As ‘Waveforms’ collapses to a standstill, Lower Dens pick up the baton with an absolutely sublime piece of krautrock in ‘Brains’, which Tom Ravenscroft was pimping once a week on his radio show. Then the mood shifts as ‘Neither Here Nor There’s complex time signatures usher in sombre strings and lyrics about suicide, the theme of Lost In The Trees’ impressive (and seemingly barely-heard) album A Church That Suits Our Needs. It’s followed by the equally lush but more straightforward composition of ‘Bounce’ by Vancouver’s horrendously-named Brasstronaut, another discovery through Tom Ravenscroft’s programme.

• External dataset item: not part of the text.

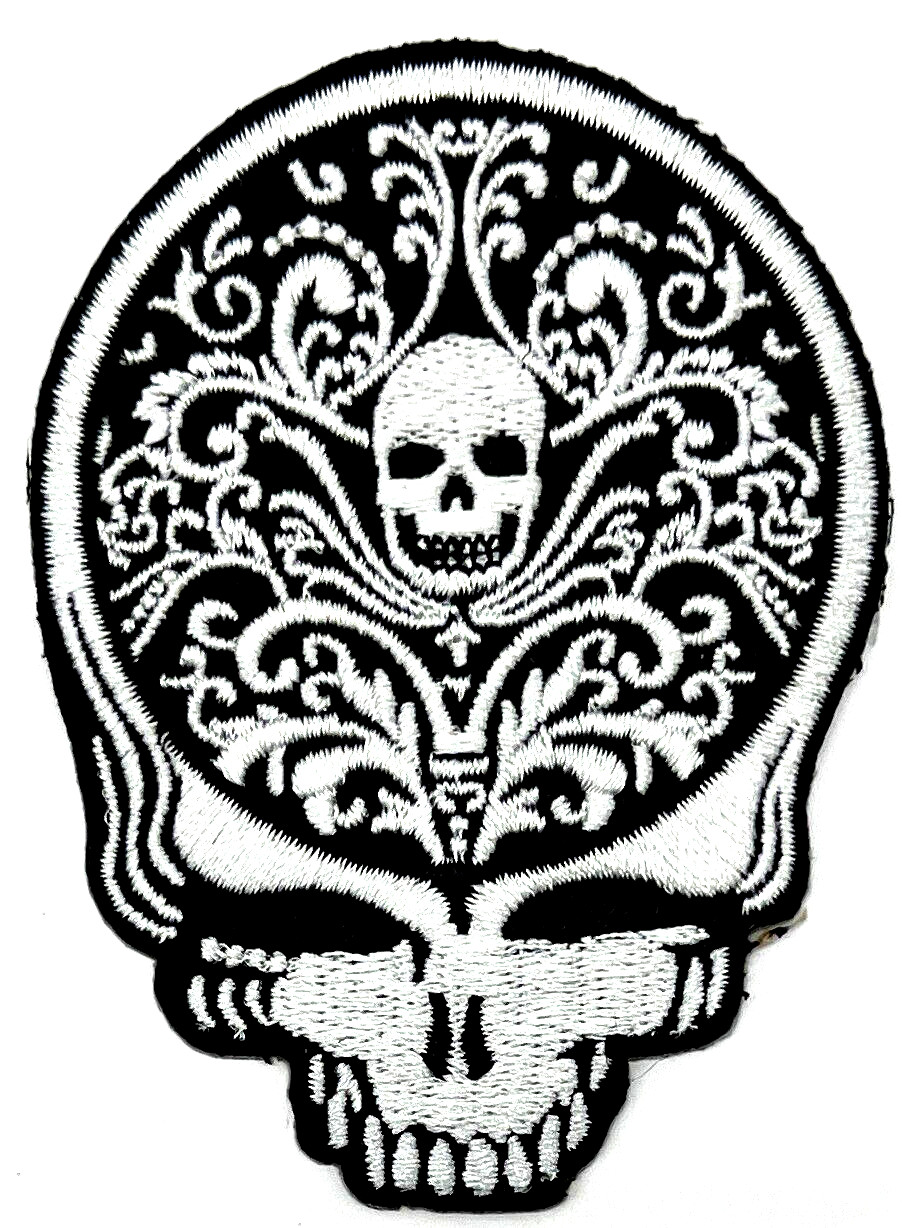 Grateful Dead Black & White Steal Your Face Embroidered Rock Iron on Patch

Ravenscroft himself was getting more confident as a presenter, indisputably on his own terms rather than through any family connection, and the music he played was getting increasingly more impressive too. Two such tracks were Rozi Plain’s playful ‘See My Boat’ – initially through an equally good remix, until I discovered the original and its brilliant mid-song climax – and the year-old ‘For 12’ by Other Lives, a winter’s tale that sounds like a direct cross between spaghetti western and Radiohead’s classic ‘How To Disappear Completely’.

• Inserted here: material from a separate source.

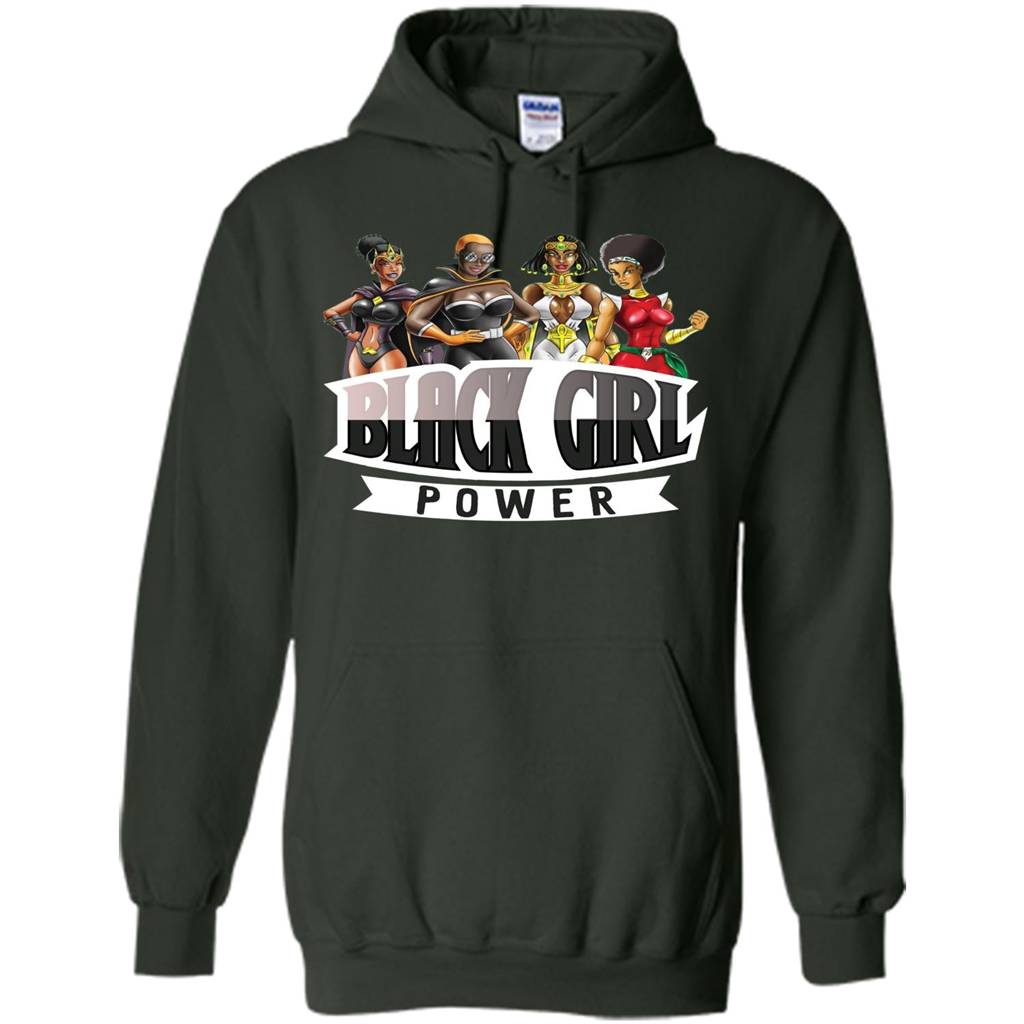Super Hero Black Girl Power T-Shirt Forest Green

Tucked in amongst them all was Shearwater’s surgingly-beautiful ‘You As You Were’ – there wasn’t a better song to drive to released all year. Though guitar music didn’t feature too much in my playlists all year, Shearwater showed it still had its place, along with the surprisingly-good Maccabees single ‘Pelican’ and the joyous punk of Japandroids, who produced the shout-along anthem of the year in ‘The House That Heaven Built’.

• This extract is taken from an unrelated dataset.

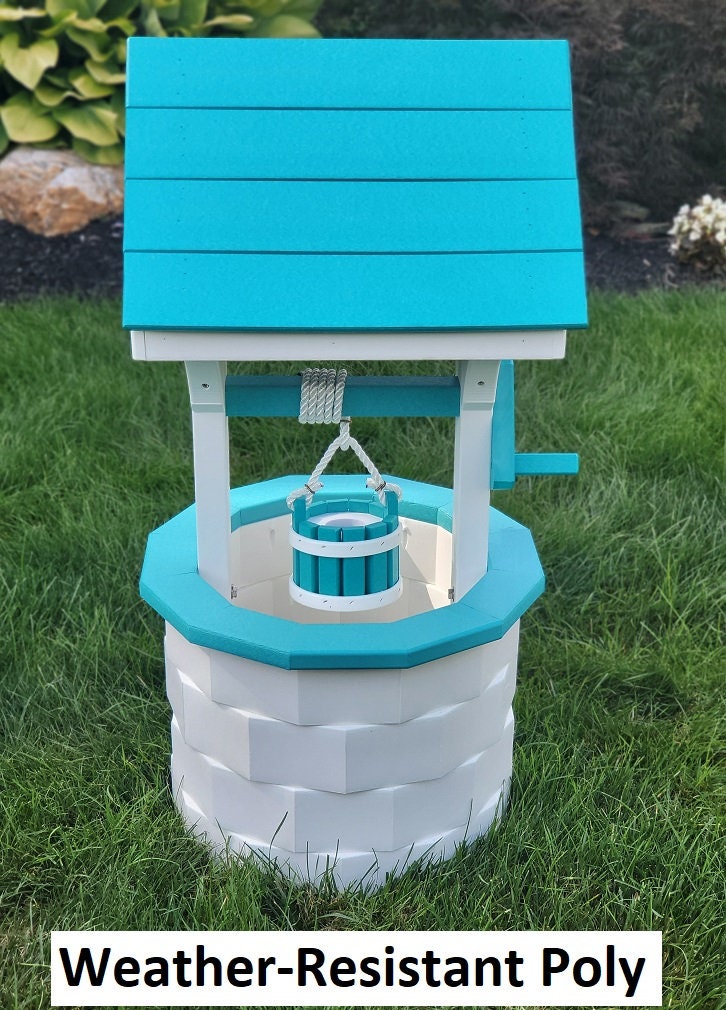 Garden Wishing Well- Yard Wishing Well - Poly - Amish Handmade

But at the compilation’s conclusion, we return to the event that defined the year. The 2 Bears’ ‘Church’ was no Olympic anthem, but the album it came from was released in the first couple of weeks of 2012 and summed up much of the optimism that I had as it started, and it became a big favourite as the summer went on. And following on from Elbow’s ‘First Steps’, heard everywhere as the BBC’s specially-commissioned song for their own Olympic coverage, we end how we started, with Underworld. Like pretty much everyone else, the first time I heard ‘Caliban’s Dream’ was watching it on TV; the torch-lighting part of the opening ceremony was an extraordinarily well-kept secret, and the after-party that Nat and I attended was already well underway. It was a beautiful moment, the crowning glory of Danny Boyle’s vision, and while they were at it, it redefined Underworld as a band – I’ve never heard the ‘lager, lager, lager’ line thrown at them since. It’s also the one song that’s ever made cry just a little – hearing it the night after the ceremony, on the rush-released official soundtrack – was an emotional release after a rewarding but extremely exhausting three months where I, like thousands of others, were balancing rehearsals at the weekend with a full-time job and had barely a chance to stop and take stock. That leitmotif – used in ‘And I Will Kiss’, now reprised featuring a children’s choir – sort of came to represent us as volunteers, and it’s been brilliantly used in videos I’ve seen since made by some of the volunteers, which have been a wonderful souvenir of the day, and of the summer. And when 2012 came to a close, there really was no other song to play on New Year’s Eve.

Interestingly – maybe surprisingly to some – I’ve barely played it since the end of last year. In fact, only played my DVD of the ceremony for the first time a couple of weeks ago, in research for this blog… I kind of feel like it’s too perfect a memory for it to be disturbed too often.

And that’s kind of the job that my soundtracks have done over the past 16 years – compartmentalise songs and the memories that go with it, keep a record and move on. It’s been nice to dust down those memories over the past year though – it’s healthy to do so once in a while – but there’s no point looking back too much when there’s so much more to discover in the here and now. It’s in that spirit that I’ll present the Soundtrack To 2013 later this week. Until then, thanks for popping by over the year – I’ve had a few thousand hits to the site from all over the world, far more than I ever expected. I know the memories have been personal but the music hasn’t, so I hope you’ve found something to enjoy along the way.